You’ll definitely want to keep paying things like house insurance and home maintenance, but feel free to cancel unimportant items, such as magazine subscriptions, for instance.
After the probate process is complete and an executor is named, you can then go about cleaning out the house properly. This process can be tedious and tiresome, but cleaning out a deceased parent’s house can also be emotional and stressful.
To help make the task of cleaning out a deceased parent’s house a little bit more manageable, it can be helpful to follow specific steps:
- Search for important documents
Important documents typically include: financial documents, insurance, wills, photographs, letters, etc.
Keep sentimental items and be sure to continue paying things like home insurance, utility bills, etc. until you can change or cancel them, but make sure to destroy sensitive information, like social security numbers.
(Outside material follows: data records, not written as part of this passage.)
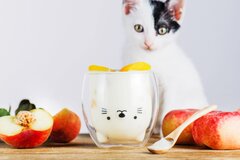 台湾発ブランド「GOODGLAS」が『ペット博2018inなごや』に出展　ドリンクを注ぐと動物の顔が現れる“笑顔になるグラス”登場！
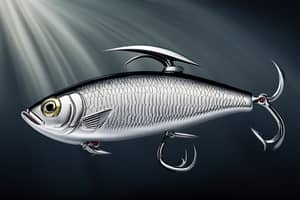 silver-shad-lure-1696540676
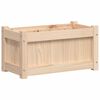vidaXL Fioriera da Giardino 60x31x31 cm in Legno Massello di Pino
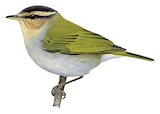 Black-capped Woodland Warbler Illustration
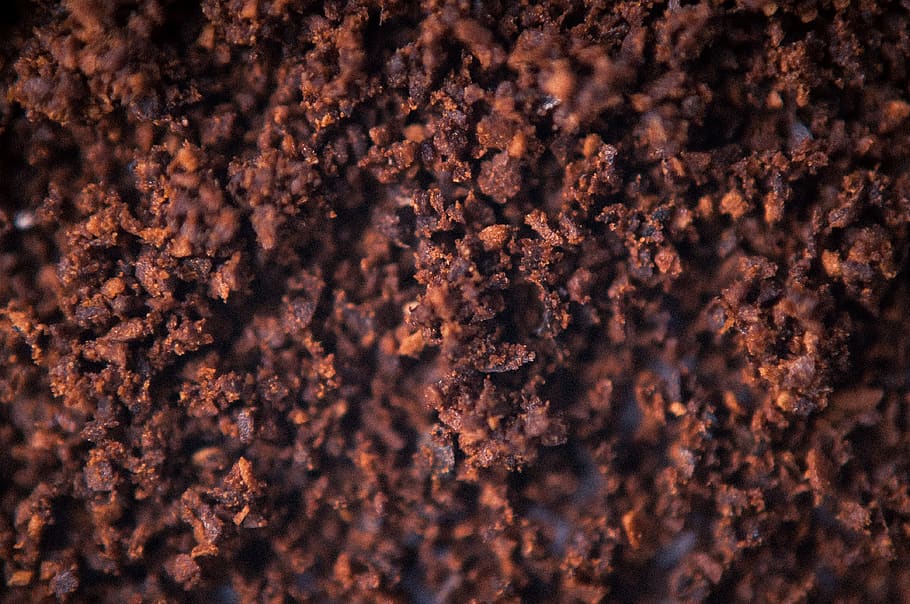 rock, soil, texture, animal, invertebrate, insect, coffee, grounded HD wallpaper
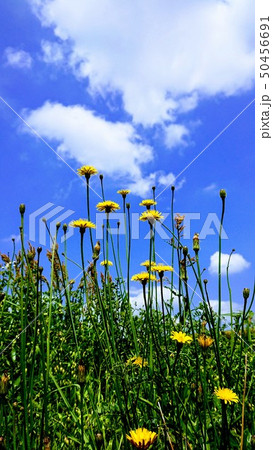 タンポポと青空 50456691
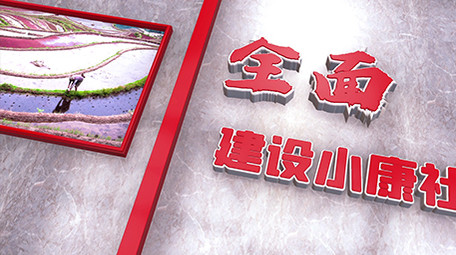 室内效果三维空间精准扶贫党建图文模板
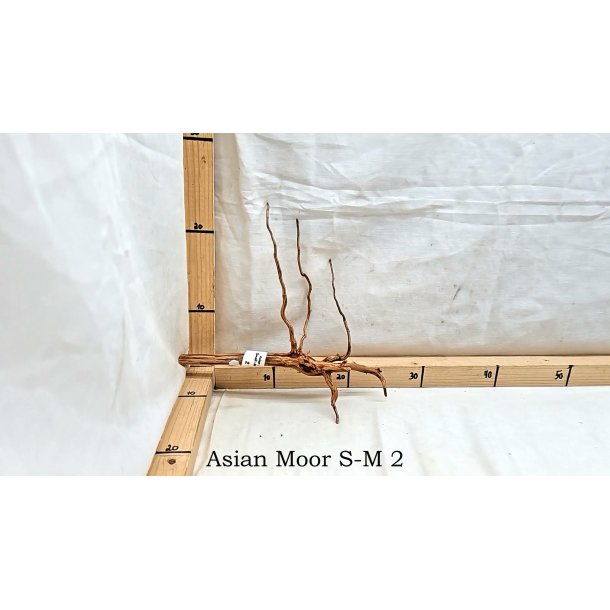 Asian Moor Rod Small-Medium (WYSIWYG)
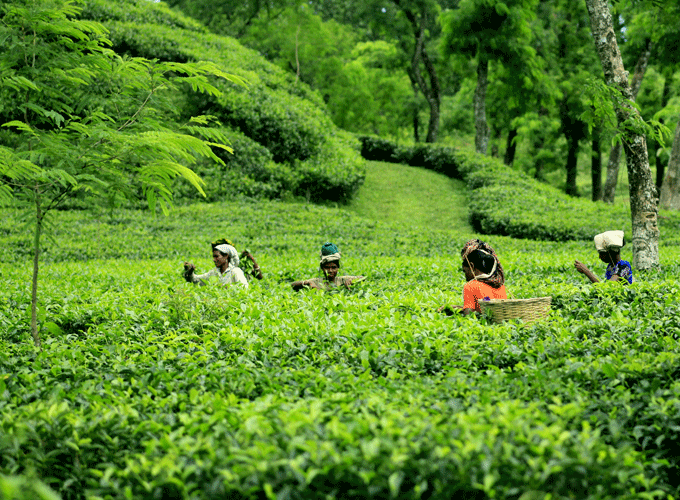 Tea Gardens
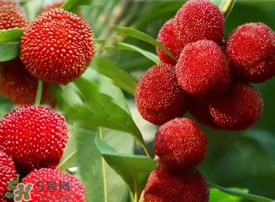 吃楊梅會感染sk5病毒嗎？吃楊梅感染sk5病毒是真的嗎？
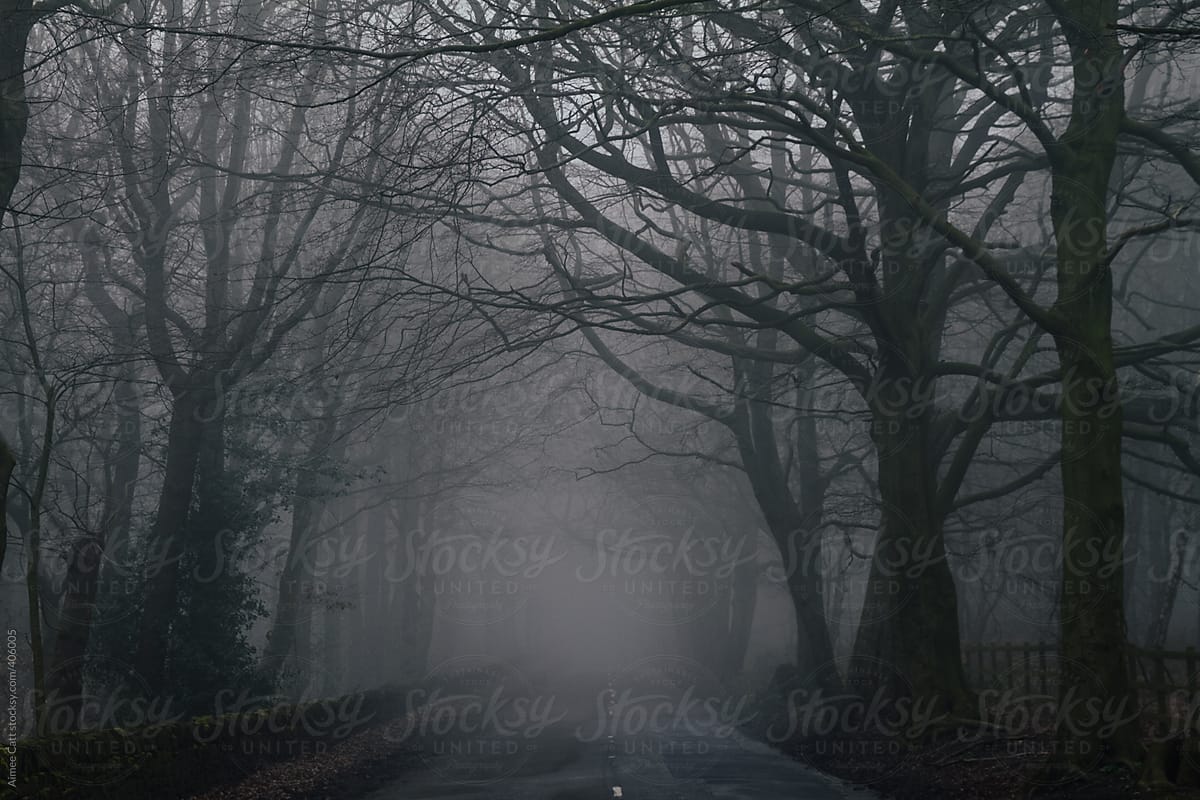Foggy Woodland Road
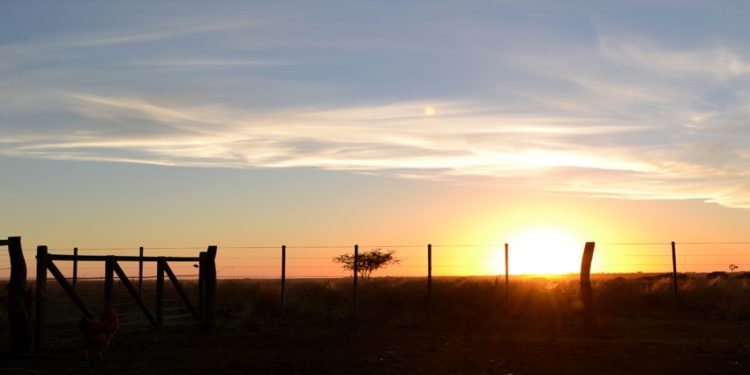 ¿Y qué sucedería en el campo de Pirulo si a Alberto se le ocurre poner retenciones tan altas como en la época de Cristina?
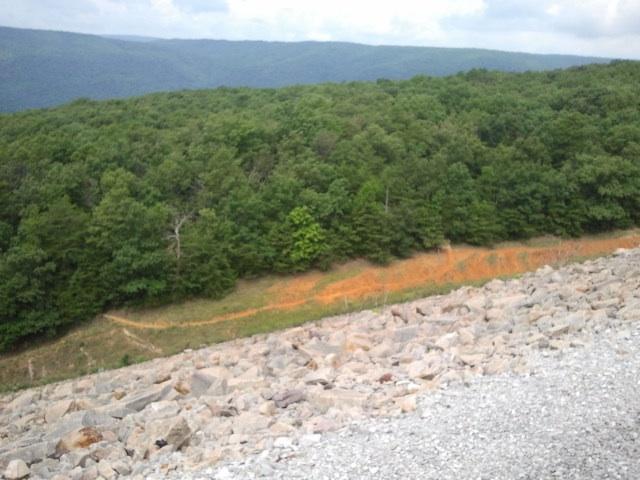 A scenic view from the top of a rocky slope overlooking a lush green hillside and forested area, with a dirt path winding through the trees. The sky is partly cloudy, and the horizon displays rolling mountains in the distance. Raccoon Mountain Trail Network mountain bike trail.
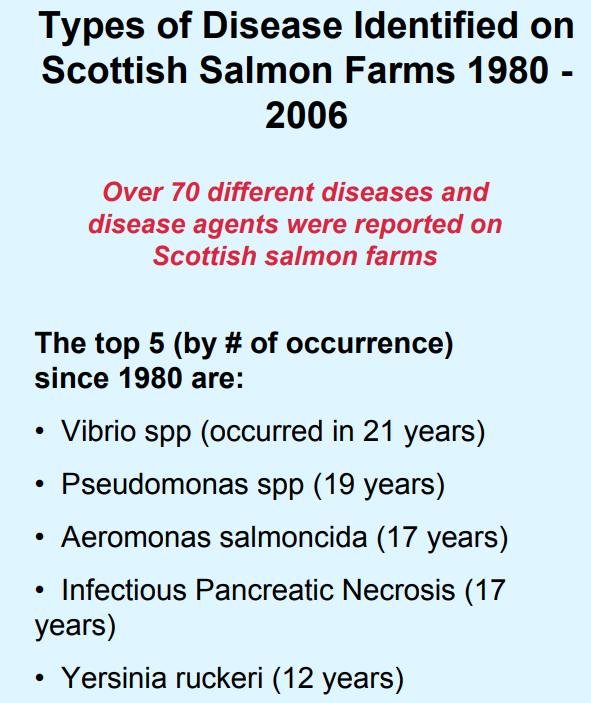 Diseases Scotland 1980-2005 table #2 Diseases Scotland 1980-2005 table #2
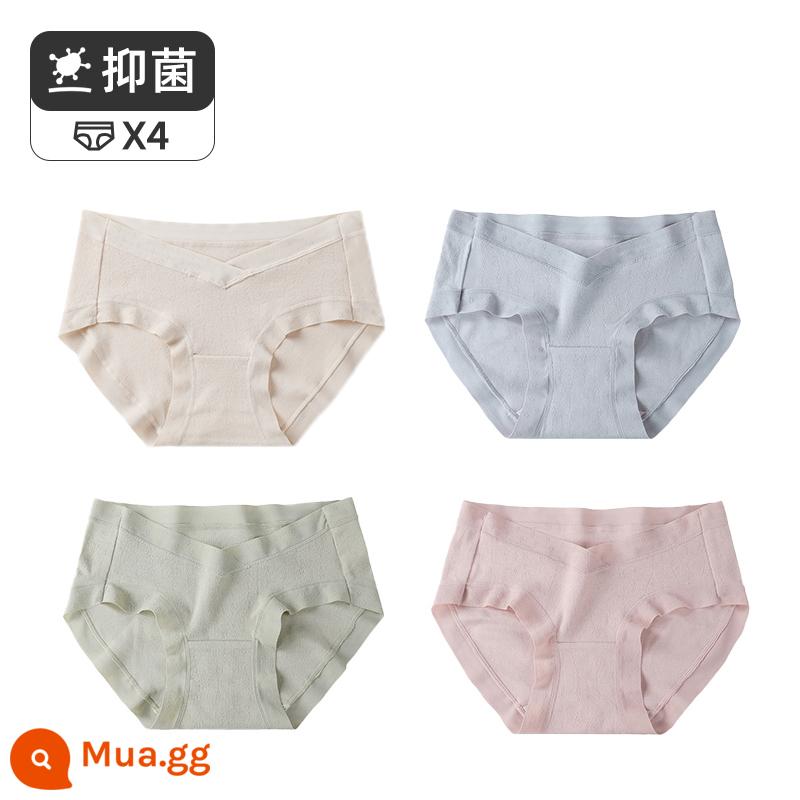 Jingqi đồ lót bà bầu cotton nguyên chất eo thấp giữa cuối thai kỳ đầu mang thai quần short đặc biệt cotton kháng khuẩn kích thước lớn - Bột củ sen trắng + xanh + xanh + xanh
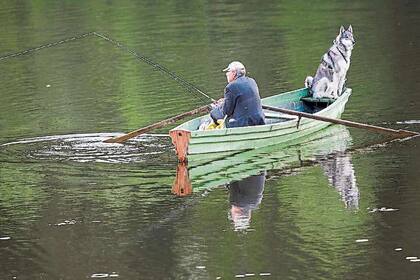 Edición fotográfica Dante Cosenza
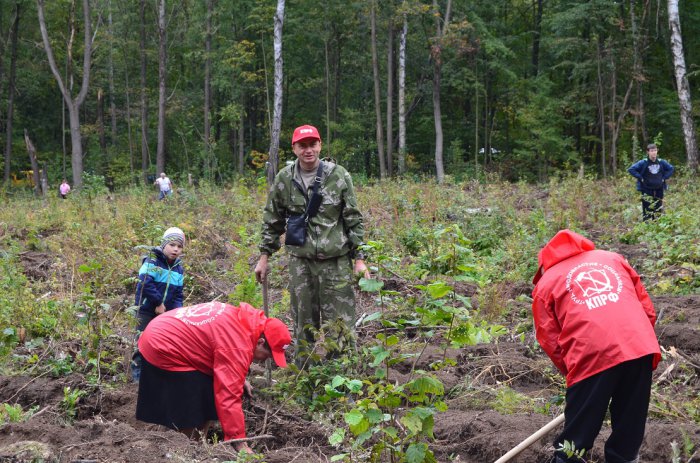 Коммунисты Зарайского района внесли лепту в восстановление леса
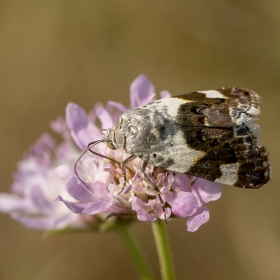 Solgun Omuz G&uuml;vesi - Acontia l...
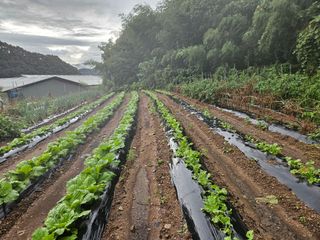 치기산골아줌마님의 자유주제 · 사진전 작성글 사진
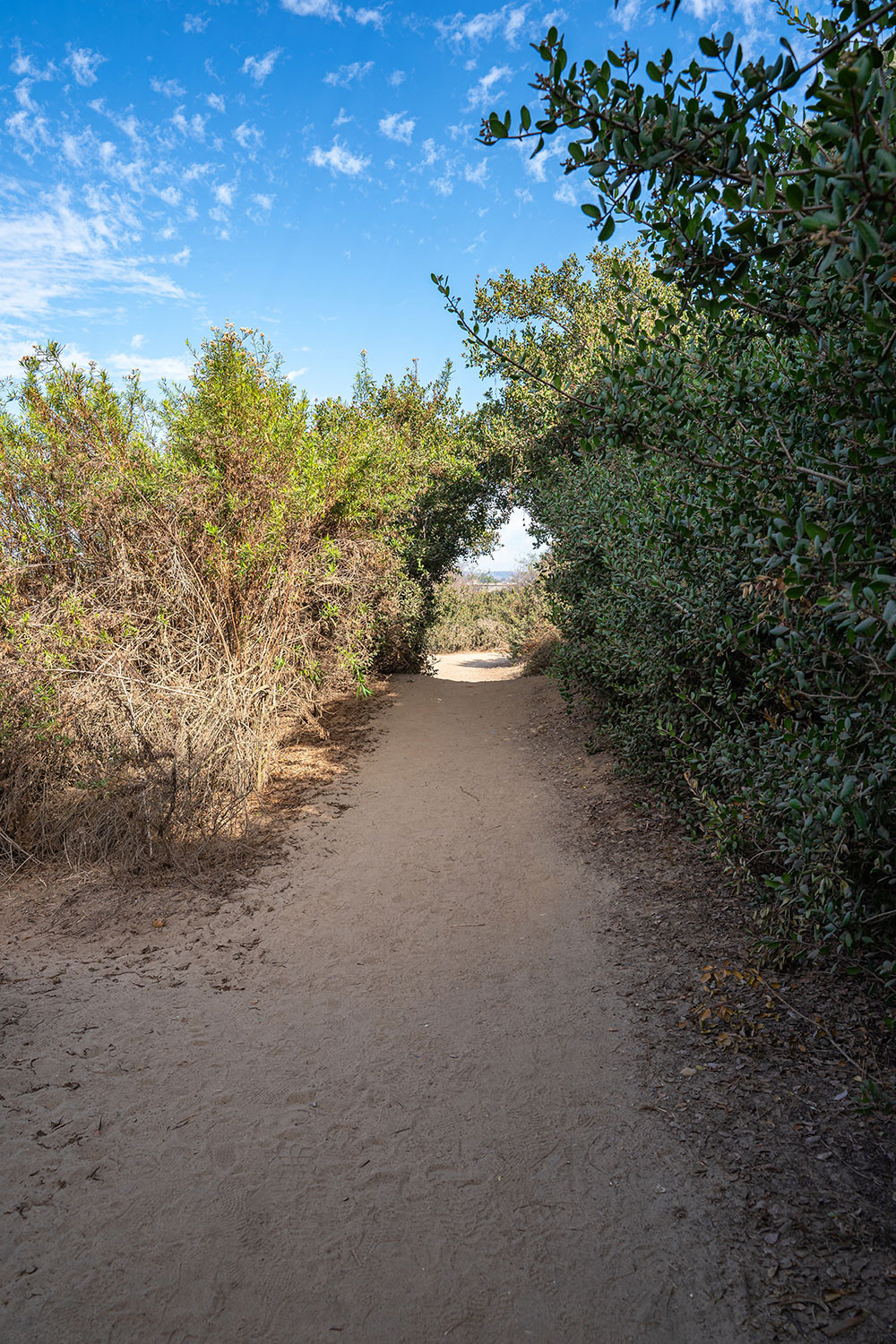 annies-canyone-trail-start.jpg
- Systematically create piles for belonging
Create three piles:
3. Throw away
Being organized will make the clearing process much easier and quicker, plus a systematic approach helps to combat some of the emotion you might be feeling as you work through this process.
If more than one family member wants to keep an item, it’s best to set that aside into a separate pile and come back to it later to negotiate and make the decision on who gets what.
- Hire an appraiser and estate liquidator
It may also be a good idea to hire an appraiser, as they’ll know how much items are worth and what makes sense to sell. For example, on your own you might not have realized the value of vintage items or art pieces. Once you know what can be sold, an estate liquidator can also help you sell the items quickly.
So, while the answer to the question “can you empty a house before probate?” is no, after probate there’s plenty of things you need to do to clear out a home and get it ready to sell if you choose to do so. While you wait for probate, you can always use the time to prepare for when you can clean out a deceased parent’s house and be ready to work quickly when the time comes that you may do so.
How to sell the house without hassle?
After clearing out the house, you’re now ready for the next step, if you choose it: the house selling process.
Not only do you have to do a probate when someone dies, there are also legal procedures involved in selling the house afterwards. The law protects buyers so they have to be informed if the seller died in the house.
But, state rules vary, so double check your states rules regarding ‘seller disclosures’. In California, for example, buyers have to be informed about deaths occurring within the previous three years.
If you decide to sell the traditional way and hire a realtor, then the next step is to get the house in a condition ready to be marketed and shown to potential buyers. You might need to do repairs and upgrades, and perhaps even want to consider home staging, as, while those things cost money, they may help you sell the house more quickly.
Another option is to sell the house to an iBuyer, as this allows you to skip preparations, repairs, upgrades, and staging altogether and get an immediate all-cash offer.
iBuyers purchase homes sight-unseen and let you choose the closing date, so selling to an iBuyer is a great option to consider if you need to sell the house fast.